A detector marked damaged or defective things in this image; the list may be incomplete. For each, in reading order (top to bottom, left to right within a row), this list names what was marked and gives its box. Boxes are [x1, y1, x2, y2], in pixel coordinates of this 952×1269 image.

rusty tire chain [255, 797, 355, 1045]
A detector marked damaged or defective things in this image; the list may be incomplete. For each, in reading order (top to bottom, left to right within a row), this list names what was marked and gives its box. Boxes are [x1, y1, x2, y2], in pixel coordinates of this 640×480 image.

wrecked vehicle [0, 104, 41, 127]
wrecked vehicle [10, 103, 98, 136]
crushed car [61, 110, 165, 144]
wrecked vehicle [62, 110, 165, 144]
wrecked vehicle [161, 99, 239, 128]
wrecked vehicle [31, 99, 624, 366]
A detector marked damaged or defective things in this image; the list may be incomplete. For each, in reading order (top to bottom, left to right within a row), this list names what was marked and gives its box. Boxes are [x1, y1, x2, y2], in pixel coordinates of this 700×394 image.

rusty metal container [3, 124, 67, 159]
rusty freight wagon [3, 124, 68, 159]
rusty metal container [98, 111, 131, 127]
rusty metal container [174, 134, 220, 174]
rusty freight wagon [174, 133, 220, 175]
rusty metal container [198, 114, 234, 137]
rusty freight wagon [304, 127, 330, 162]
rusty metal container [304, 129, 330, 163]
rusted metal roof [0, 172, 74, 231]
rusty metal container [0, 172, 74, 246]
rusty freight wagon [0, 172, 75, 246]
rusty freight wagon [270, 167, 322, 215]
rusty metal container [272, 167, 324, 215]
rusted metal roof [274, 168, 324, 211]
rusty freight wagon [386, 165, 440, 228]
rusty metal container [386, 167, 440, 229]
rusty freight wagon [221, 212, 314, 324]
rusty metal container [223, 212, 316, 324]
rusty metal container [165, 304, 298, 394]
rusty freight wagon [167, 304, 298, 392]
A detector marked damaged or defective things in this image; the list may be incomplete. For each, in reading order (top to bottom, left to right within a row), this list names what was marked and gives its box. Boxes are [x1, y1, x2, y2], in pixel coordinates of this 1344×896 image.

---+---

## [Problem to work on]
Return, exactly and without additions, the lines that run from the one containing "this 700×394 image." to the end of the material above.

## [The answer]
A detector marked damaged or defective things in this image; the list may be incomplete. For each, in reading order (top to bottom, left to right within a row), this list names what was marked and gives its box. Boxes are [x1, y1, x2, y2], in pixel coordinates of this 700×394 image.

rusty metal container [3, 124, 67, 159]
rusty freight wagon [3, 124, 68, 159]
rusty metal container [98, 111, 131, 127]
rusty metal container [174, 134, 220, 174]
rusty freight wagon [174, 133, 220, 175]
rusty metal container [198, 114, 234, 137]
rusty freight wagon [304, 127, 330, 162]
rusty metal container [304, 129, 330, 163]
rusted metal roof [0, 172, 74, 231]
rusty metal container [0, 172, 74, 246]
rusty freight wagon [0, 172, 75, 246]
rusty freight wagon [270, 167, 322, 215]
rusty metal container [272, 167, 324, 215]
rusted metal roof [274, 168, 324, 211]
rusty freight wagon [386, 165, 440, 228]
rusty metal container [386, 167, 440, 229]
rusty freight wagon [221, 212, 314, 324]
rusty metal container [223, 212, 316, 324]
rusty metal container [165, 304, 298, 394]
rusty freight wagon [167, 304, 298, 392]
A detector marked damaged or defective things in this image; the list may be incomplete. For each, in reading order (top to bottom, left to right within a row), this list names what was marked and gives its box. Boxes are [x1, y1, x2, y2], in pixel coordinates of this 1344×896 image.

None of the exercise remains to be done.